India is the largest producer of tractors in the world. Timely government intervention in policy and technology development allowed for inflow of foreign technology through collaboration. This gave a tremendous boost to the industry, which today produces 29% of the world’s tractors. Yet only 40% of Indian farms are mechanized. Farm power is instrumental in increasing food production and crop productivity, bringing precision in placement of inputs and reducing input losses.
95% of all farms in the United States and Western Europe are mechanized. Agriculture employs only 3.9% of Western Europe’s total population and 2% of the US population. Though agriculture is a small contributor to their GDP, the sector is profitable and viable.
In contrast, over 55% of India’s population is engaged in agriculture and, as previously mentioned, large numbers of India’s farms are under-mechanized. The sector employs a majority of the country’s population yet contributes only 14% of GDP. This makes agriculture less remunerative and increases incidences of poverty among farmers.
The world average farm power is 4KW/Ha. Punjab is the only state in India that has over 3KW/Ha utilization. As seen in the map below, a majority of Indian states are acutely underpowered.

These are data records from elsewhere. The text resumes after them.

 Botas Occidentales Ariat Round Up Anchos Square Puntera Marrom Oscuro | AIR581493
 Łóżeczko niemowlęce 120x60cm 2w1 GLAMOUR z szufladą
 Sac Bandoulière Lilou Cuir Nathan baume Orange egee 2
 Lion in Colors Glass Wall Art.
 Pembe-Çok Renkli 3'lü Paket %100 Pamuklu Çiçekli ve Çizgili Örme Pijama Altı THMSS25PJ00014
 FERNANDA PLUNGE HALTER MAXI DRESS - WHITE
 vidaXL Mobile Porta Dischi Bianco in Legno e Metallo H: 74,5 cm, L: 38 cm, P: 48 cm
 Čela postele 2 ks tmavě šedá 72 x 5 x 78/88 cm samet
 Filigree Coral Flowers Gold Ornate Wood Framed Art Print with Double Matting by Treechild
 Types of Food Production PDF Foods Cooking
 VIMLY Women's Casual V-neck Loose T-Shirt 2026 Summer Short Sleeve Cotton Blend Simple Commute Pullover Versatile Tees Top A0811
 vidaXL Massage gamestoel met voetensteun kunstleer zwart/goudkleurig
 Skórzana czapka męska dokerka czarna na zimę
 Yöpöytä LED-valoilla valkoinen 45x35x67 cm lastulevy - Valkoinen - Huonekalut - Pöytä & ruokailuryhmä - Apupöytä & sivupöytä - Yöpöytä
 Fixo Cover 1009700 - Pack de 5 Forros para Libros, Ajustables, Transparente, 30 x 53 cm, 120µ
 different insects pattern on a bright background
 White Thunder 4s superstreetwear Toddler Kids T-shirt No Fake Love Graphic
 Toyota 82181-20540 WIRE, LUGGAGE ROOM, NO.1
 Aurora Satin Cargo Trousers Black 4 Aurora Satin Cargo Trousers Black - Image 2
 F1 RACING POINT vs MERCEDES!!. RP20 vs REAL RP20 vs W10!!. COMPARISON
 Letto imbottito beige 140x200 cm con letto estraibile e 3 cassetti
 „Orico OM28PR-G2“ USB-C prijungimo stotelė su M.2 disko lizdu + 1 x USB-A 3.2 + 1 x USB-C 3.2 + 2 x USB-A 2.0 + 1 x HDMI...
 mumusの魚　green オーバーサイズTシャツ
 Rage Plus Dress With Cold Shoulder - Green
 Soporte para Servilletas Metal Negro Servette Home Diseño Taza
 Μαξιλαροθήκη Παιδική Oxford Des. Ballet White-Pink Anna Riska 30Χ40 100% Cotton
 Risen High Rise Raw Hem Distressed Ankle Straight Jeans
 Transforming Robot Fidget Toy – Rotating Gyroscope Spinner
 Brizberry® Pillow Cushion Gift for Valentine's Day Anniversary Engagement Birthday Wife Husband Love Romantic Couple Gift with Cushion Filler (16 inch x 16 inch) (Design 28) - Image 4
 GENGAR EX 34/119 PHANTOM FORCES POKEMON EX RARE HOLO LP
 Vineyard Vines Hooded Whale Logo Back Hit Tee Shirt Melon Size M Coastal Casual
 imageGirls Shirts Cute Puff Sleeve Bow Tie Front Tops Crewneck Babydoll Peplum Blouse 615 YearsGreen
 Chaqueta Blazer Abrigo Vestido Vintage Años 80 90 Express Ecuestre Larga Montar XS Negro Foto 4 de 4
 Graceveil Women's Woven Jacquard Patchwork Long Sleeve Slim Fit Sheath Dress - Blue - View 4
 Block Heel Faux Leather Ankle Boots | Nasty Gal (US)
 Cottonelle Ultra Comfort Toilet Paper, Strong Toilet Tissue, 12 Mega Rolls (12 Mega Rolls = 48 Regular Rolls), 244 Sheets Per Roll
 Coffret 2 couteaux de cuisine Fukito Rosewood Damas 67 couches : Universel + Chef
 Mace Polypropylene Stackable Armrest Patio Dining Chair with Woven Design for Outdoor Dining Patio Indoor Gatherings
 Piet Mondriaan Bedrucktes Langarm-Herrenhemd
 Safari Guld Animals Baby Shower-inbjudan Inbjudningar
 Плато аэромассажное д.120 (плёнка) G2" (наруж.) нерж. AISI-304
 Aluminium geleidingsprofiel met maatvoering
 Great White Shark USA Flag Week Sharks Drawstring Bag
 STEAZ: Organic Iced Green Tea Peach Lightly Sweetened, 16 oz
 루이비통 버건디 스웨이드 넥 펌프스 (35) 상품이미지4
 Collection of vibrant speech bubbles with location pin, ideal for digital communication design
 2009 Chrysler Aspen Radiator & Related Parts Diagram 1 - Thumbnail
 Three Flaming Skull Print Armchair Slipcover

Increasing Food Productivity
There is a strong need to increase food grain production in India to 320 million metric tonnes (Mn MT) by 2020. However, food grain productivity in the country has grown at an average rate of 2% since the 1990s. India’s crop yields being lower than the world average are a result of relatively lower farm power available on Indian farms. For instance, mechanized ploughs, one type of farm power, are 200 to 300% more powerful than indigenous ploughs. They improve crop productivity and enable farmers to grow multiple crops.
Keeping other factors constant, 84% of change in food productivity is explained by change in farm power. This also explains why Punjab is the highest food grain yielding state in India. The graph below indicates the relationship between availability of farm power and food grain productivity.
In the last forty years the average size of land holdings has reduced by half. Consequently, the number of land holdings in the marginal category has swelled by 56 million and for the small category the number has increased by 11 million. Coupled with the unaffordability of mechanization tools, it looks as if we are trending towards even more under-mechanized farms.
Currently, farm power is insufficient to meet the demands for increase in food grain production. The sector could be more profitable and viable with improved mechanization and appropriate government support. In a subsequent post, we will analyse current government initiatives and suggest what can be further done to impact crop productivity and food grain production through mechanization.